My first initiative is to raise money for Epi Pens for children who don't have health insurance or whose health insurance does not cover Epi Pens. The money will be donated directly to Dr. Nadeau's patients.

My second goal is to raise money for Xolair. Xolair has enabled me to complete the study in just 6 months with fewer reactions. 

Please visit www.4000milligrams.org to donate. 

Thank you for your help!

You'd rather have what?

"Wait why do you need your own cup?"

I realized this was the first time I was going to have to explain my allergies to a guy I didn't know. And I had absolutely no idea what to say.

"I... just can't share anything with anyone right now!"
"Why?"
"I'm...sick. I have mono."

The words came out before I even realized their implication. Saying "I have mono" is NOT something you want to tell a cute guy at a party.

"Wait... do you really?"
"Um no just kidding. I actually... I actually just have a peanut allergy so I can't really share stuff with people. I think I'd rather have mono though.."

I waited for him to react. To walk away or something. Only he didn't.

"Oh. Haha nah that's way better than mono. Trust me you don't wanna have mono."

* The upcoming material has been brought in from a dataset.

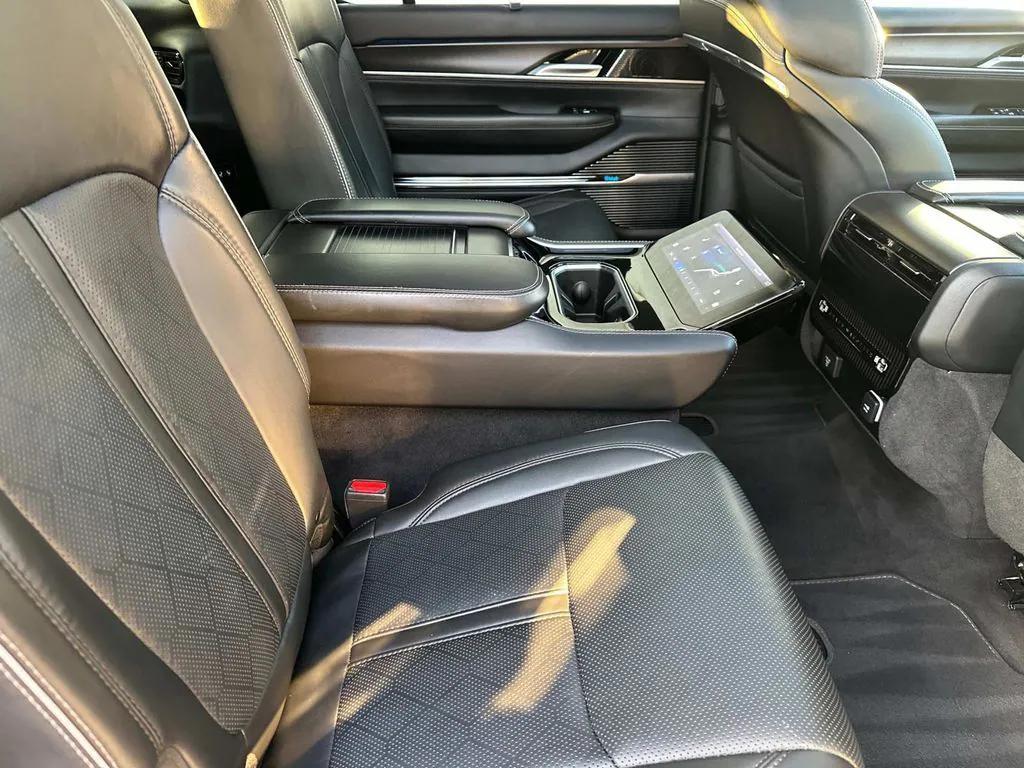 used 2024 Jeep Grand Wagoneer L car, priced at $64,995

After that night, I wondered why my allergies seemed like such a big deal, and why I hated telling people so much. I realized that it was the worst kind of attention you could possibly get. A hot spotlight of vulnerability. Acknowledging my allergies made me feel weak and awkward, both traits that normally don't apply to me.

Vulnerability is a funny thing. It consumes you. It eats away at you until your self-esteem is centered around that one quality that makes you feel like you're different. After a while there's no "putting it into perspective" because every time you have to refuse a piece of birthday cake or order out at a restaurant or carry Epi-Pens, it's this constant, gnawing reminder that you're inadequate.

Now, all this might seem incredibly dramatic. And it is. But it took me a while to realize that. Having allergies was only a bad thing because I convinced myself it was a big deal. Cute Guy certainly didn't seem to think it mattered. I think I was so wrapped up in the fact that having allergies set me apart from my peers that I forgot to look at the big picture. That in the end, it just means you can't eat some stuff. That it doesn't define you at all.

The further I am into this study, the more removed I feel from my allergies. It has less and less of a looming presence in my life. It's easier to look my allergies for what they really are when they're not a constant source of anxiety. Just like with anything, food allergies are only a big deal when you act like they are. And when you think about it, seriously, having mono would be a lot worse.

Last Xolair Shot


ouch!




My "Dose Diary" where I record any symptoms I've had 


This is my last doctors appointment until I "graduate" from the study in August. I'm getting more and more excited!